Kelly Ellard, one of British Columbia’s most notorious murderers, wants day parole so she can take her newborn to parenting programs and doctor appointments.

While news of Ellard’s bundle of joy came as a surprise to many, she is just one of 10 federal inmates caring for their children behind bars as part of Correctional Service of Canada’s Mother-Child Program.

"It provides a supportive environment that promotes stability and continuity for the important mother-child relationship, and to assist in the rehabilitation and successful reintegration of women offenders,” reads part of a statement from CSC.

"It can either be, under certain circumstances an aggravating factor. It could create stress for you,” said Patrick Storey, a spokesperson for the Parole Board. “Or it could be a mitigating factor. It could help you appreciate the important things in life."

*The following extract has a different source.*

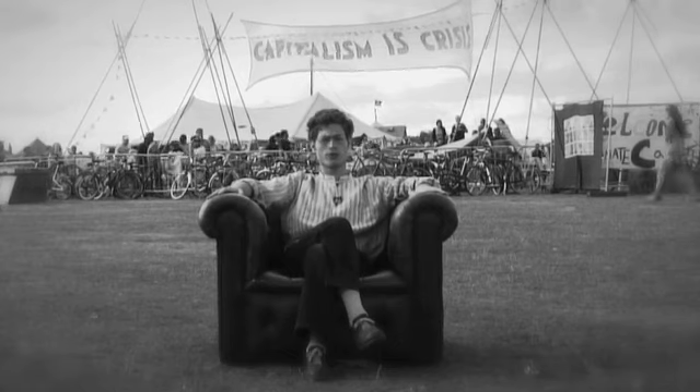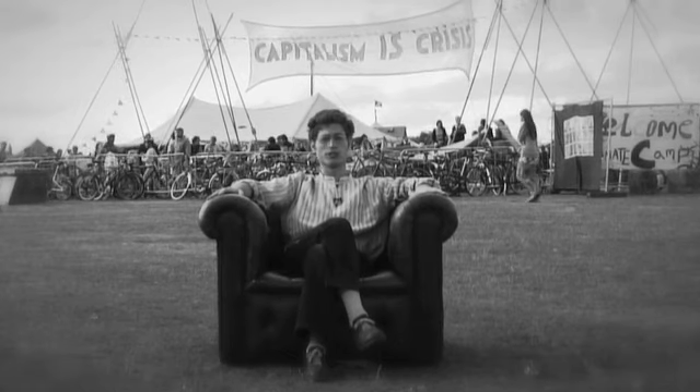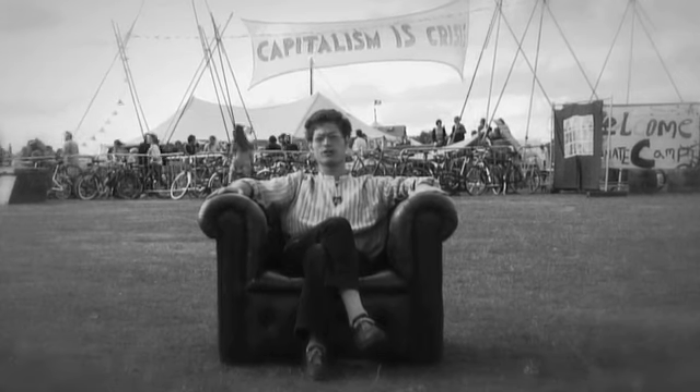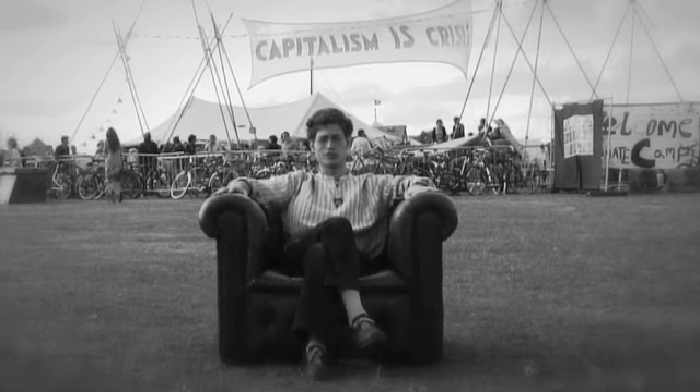Good day, and welcome to the Climate Camp. We are broadcasting live from Blackheath Common. Today I'll be telling you about some of the ways that these fascinating climate campers make decisions together.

Children can live full-time with their mothers in federal prison up until the age of five and then on a part-time basis after that.

Mothers must take parenting and first aid courses and so do any other inmates sharing housing with the mom and child.

“There’s an opportunity there for what are in effect small family units to care for the child along with the mother,” said Simon Fraser University criminologist Rob Gordon.

While Ellard may not be the only prisoner caring for a baby behind bars, Gordon says the circumstances of her pregnancy might be unique.

"Conceiving of a child during a conjugal visit has created a fair amount of outrage and concern,” said Gordon.

Ellard is serving a life-sentence for the 1997 murder of 14-year-old Reena Virk in Saanich.

Although she was just 15-years-old herself at the time of the murder, Ellard was tried as an adult.

The child’s father is also behind bars after his parole was revoked last year.